La statue d’Ernest Meissonier par Antonin Mercié, 1895 – Parc Meissonier, Poissy

Quatre ans après sa mort en 1891, le peintre académique Ernest Meissonier, qui fut la gloire de la ville de Poissy, a eu droit à sa statue. Juché sur un socle qui le place à plus de trois mètres de hauteur, l’artiste à la barbe de Dieu le Père se tient la tête, le petit doigt posé sur le sourcil.

Pour le réaliser, le sculpteur Antonin Mercié s’est inspiré de l’autoportrait de Meissonier qui le montre dans la même pose pensive. Mais si dans le tableau le peintre a l’air de réfléchir, son effigie de marbre donne plutôt l’image de l’accablement. La palette à la main, Meissonier semble se demander ce qu’il fait là.
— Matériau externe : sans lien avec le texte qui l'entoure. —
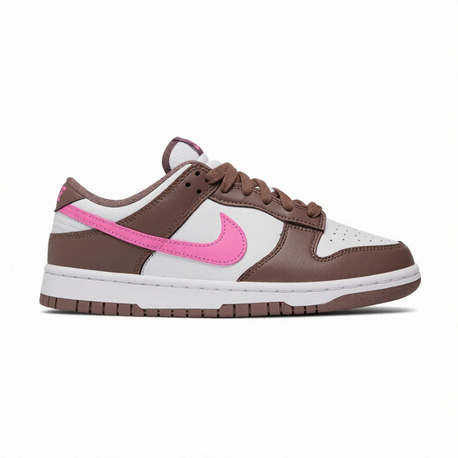 Nike Dunk Low "Smokey Mauve / Playful Pink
Est-ce la débauche de couleurs étalées à ses pieds pour l’honorer qui le plonge dans un tel désarroi ? Ou regrette-t-il quelques-unes de ses prises de position, contre la tour Eiffel, contre les impressionnistes au Salon, contre Monet, qui fut un temps son presque voisin ?

Meissonier fait maintenant face à la route où il regarde défiler les voitures de la modernité. Il tourne le dos au parc qui porte son nom, si bien que pour qui arrive de ce côté, la statue a un aspect assez étrange : on y lit Iena 1806, Friedland 1807, Campagne de France 1814, et la mention du Général Desaix achève de convaincre le promeneur qu’il est face à un monument qui commémore les hauts faits d’un militaire.

Le passant fait alors le tour, et découvre cette attitude avachie rien moins que martiale. Pauvre Meissonier !

Monet à la Villa Saint-Louis

La maison où vécurent Claude Monet, Alice Hoschedé et leurs enfants à Poissy est visible depuis le train quand on circule de Paris à Giverny. Elle s’élève au bord de la Seine, tout au bout du cours du 14-juillet.

Sur place, on peut prendre le temps de lire l’hommage de la ville de Poissy à Monet.

On peut descendre au bord de l’eau dont Monet a su si bien capter la teinte glauque, goûter la sérénité de l’endroit, s’étonner qu’une inondation ait pu monter jusqu’au rez-de-chaussée de la maison.

On peut apprécier l’alignement remarquable des tilleuls du cours du 14-juillet, dignes descendants de ceux immortalisés par Monet depuis sa fenêtre.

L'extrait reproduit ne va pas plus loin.